Activity = Transcribe exactly, please, the lines from the one containing "Farbenfroh und nostalgisch" through the end of the records below, and leave out the pictures.

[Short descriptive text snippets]
⁂
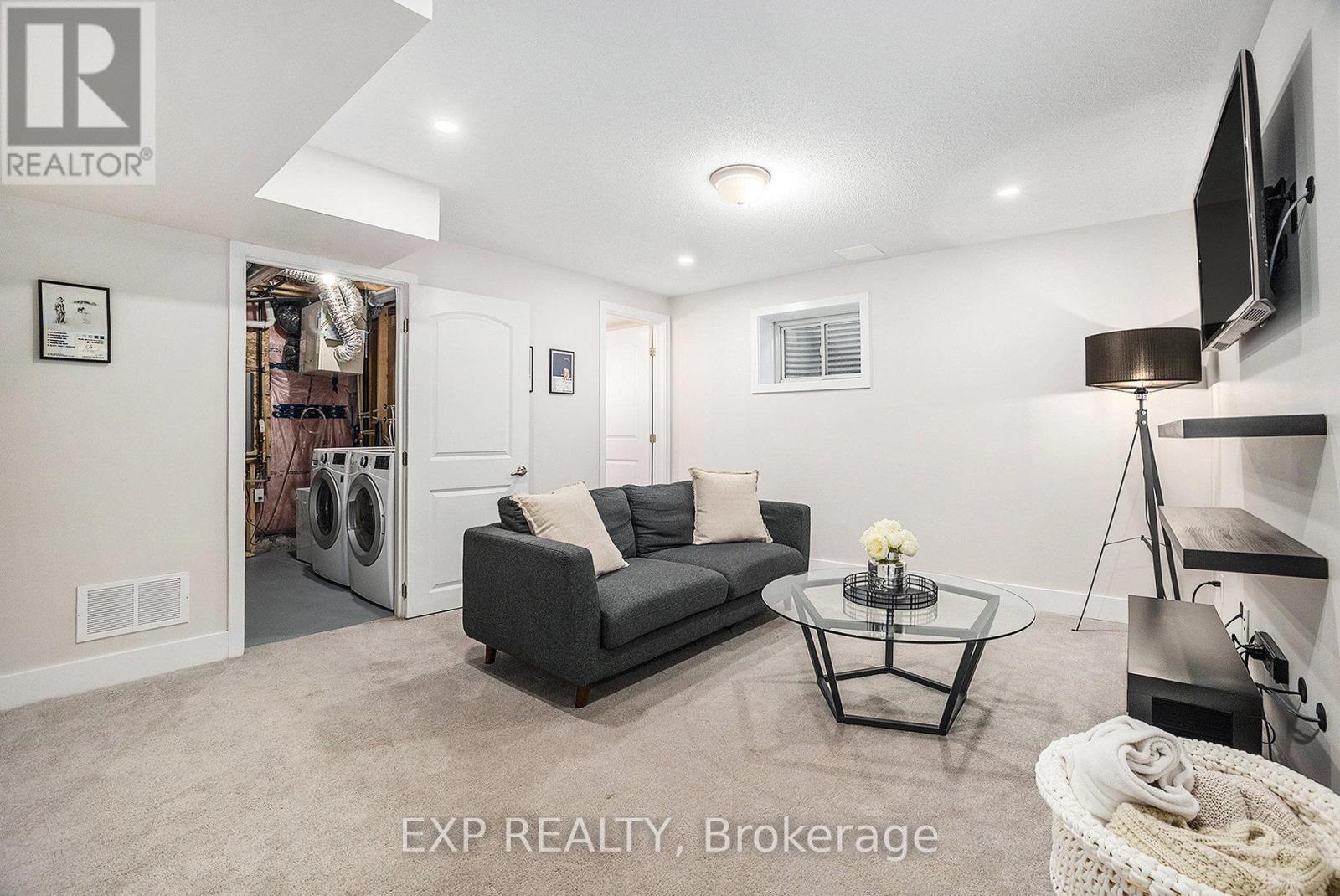 63 Pelham Crescent
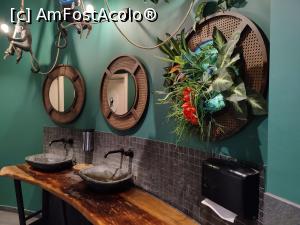 [P31] Monkeys Restaurant - la toaletă » foto by crismis
 - 
<span class="allrVoted glyphicon glyphicon-heart hidden" id="av1342614"></span>
<a class="m-l-10 hidden" id="sv1342614" onclick="voting_Foto_DelVot(,1342614,5424)" role="button">șterge vot <span class="glyphicon glyphicon-remove"></span></a>
<a id="v91342614" class=" c-red"  onclick="voting_Foto_SetVot(1342614)" role="button"><span class="glyphicon glyphicon-heart-empty"></span> <b>LIKE</b> = Votează poza</a> <img class="hidden"  id="f1342614W9" src="/imagini/loader.gif" border="0" /><span class="AjErrMes hidden" id="e1342614ErM"></span>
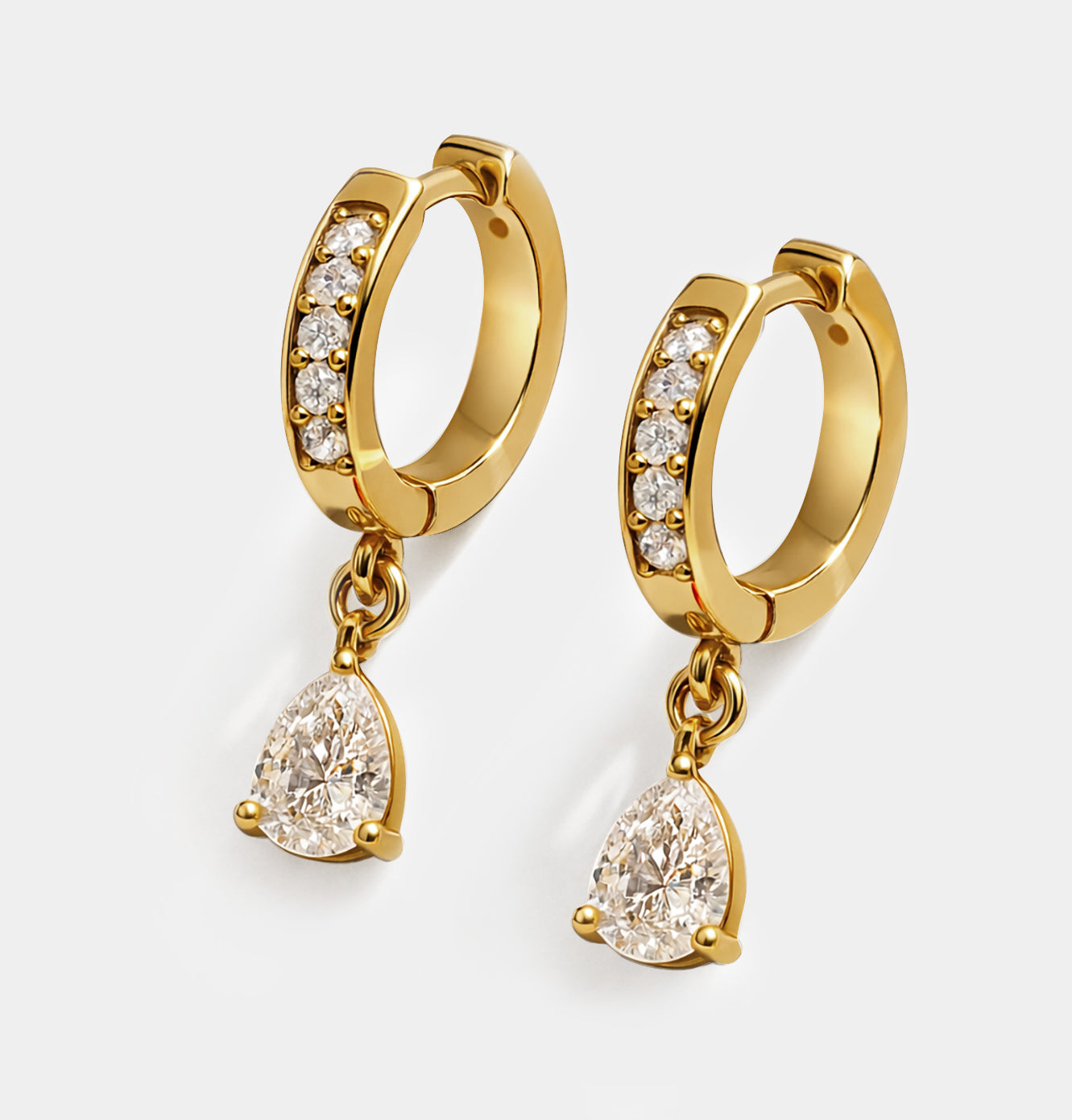 Mini boucles d'oreilles huggies dorées en acier inoxydable & zircon cubique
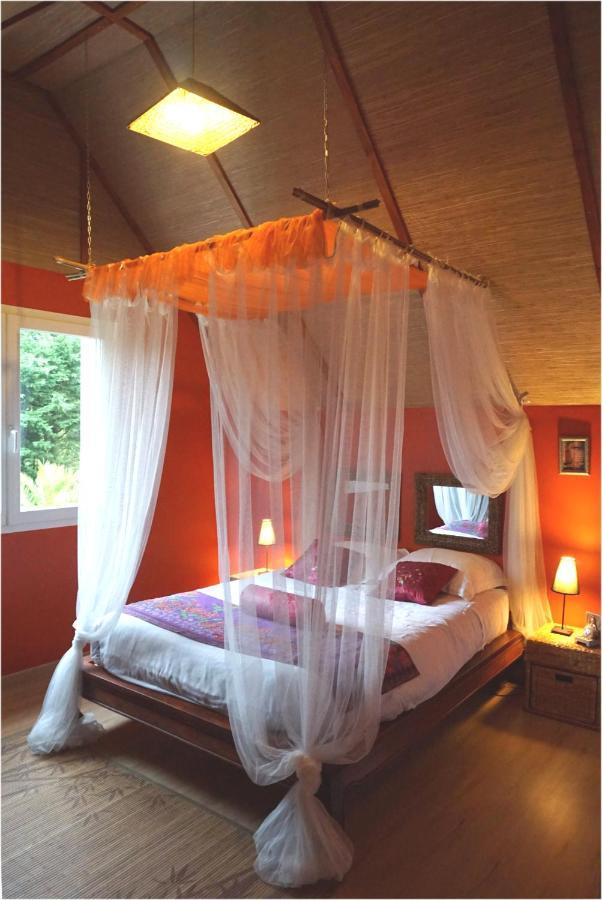 Les Centauris Bed & Breakfast Pleguien Exterior photo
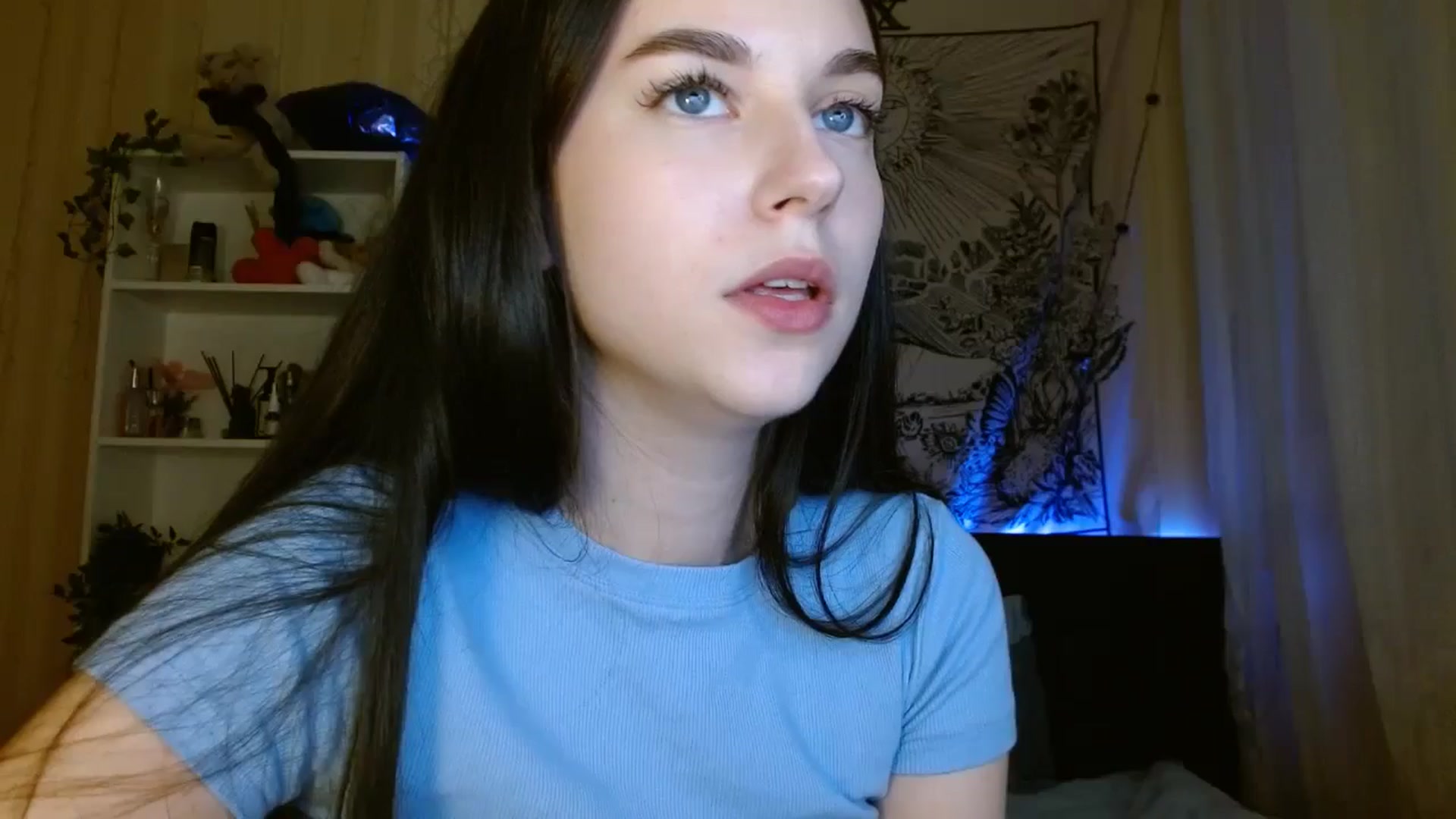 Gallery image thumbnail from ElsieF_'s myfreecams stream on, 05/10/2024, 21:20 image 2 of 20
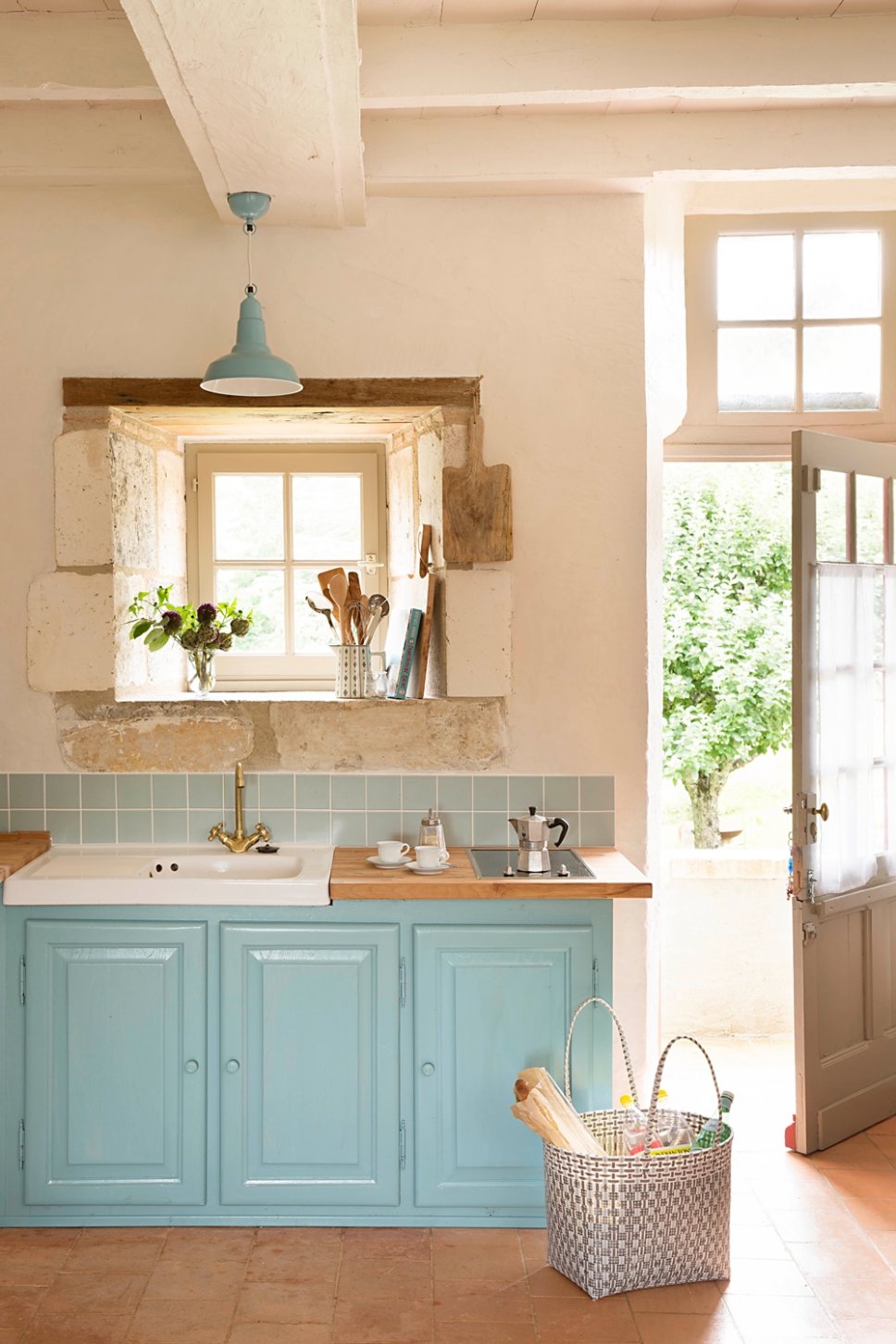 Farbenfroh und nostalgisch eingerichtete Küche in altem französischen Landhaus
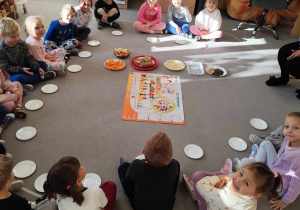 Dzieci rozmawiają o piramidzie zdrowia.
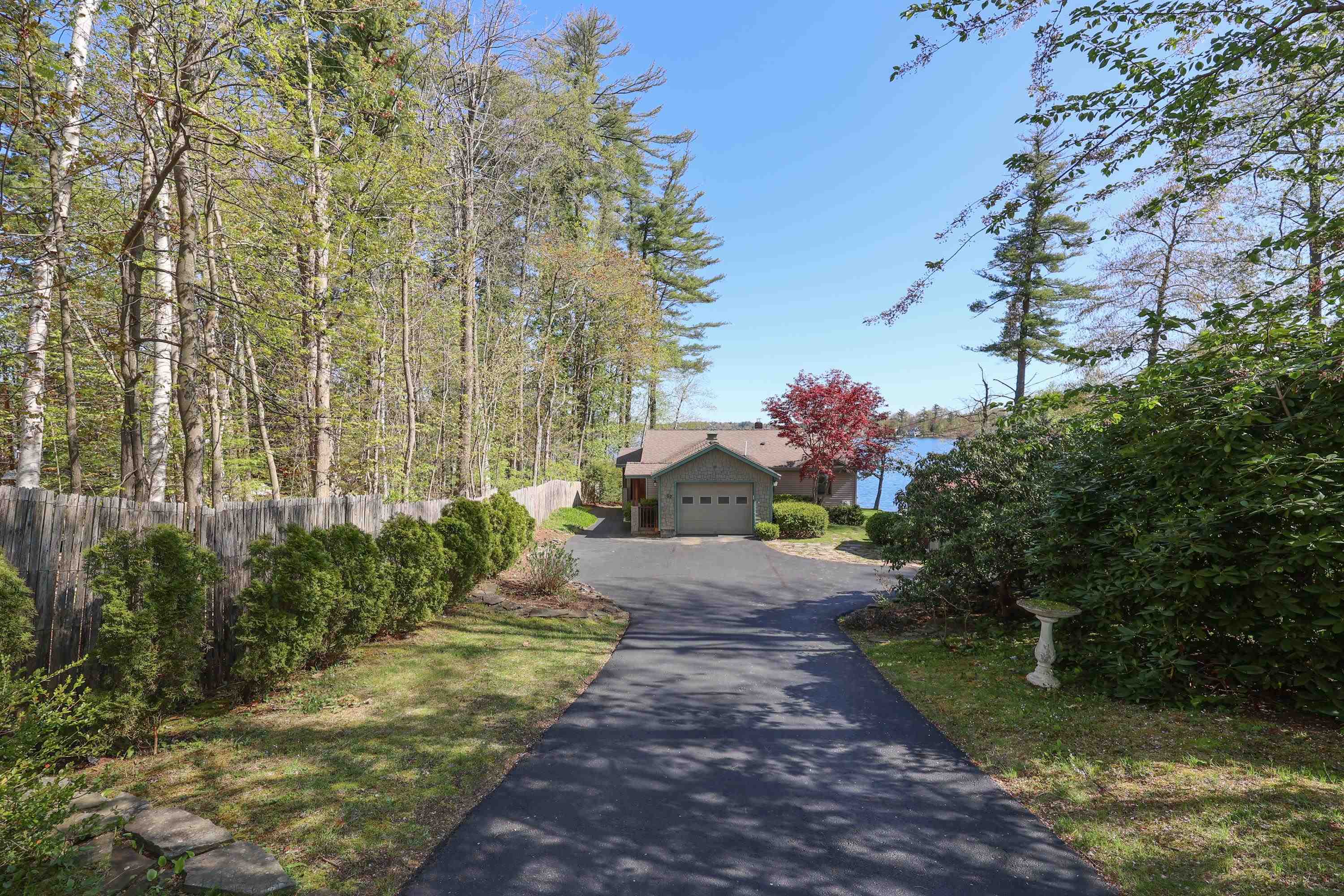 62 South Shore Road Salem, NH 03079 - Photo 13 of 37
⁂
Problem solution =
 Farbenfroh und nostalgisch eingerichtete Küche in altem französischen Landhaus
 Dzieci rozmawiają o piramidzie zdrowia.
 62 South Shore Road Salem, NH 03079 - Photo 13 of 37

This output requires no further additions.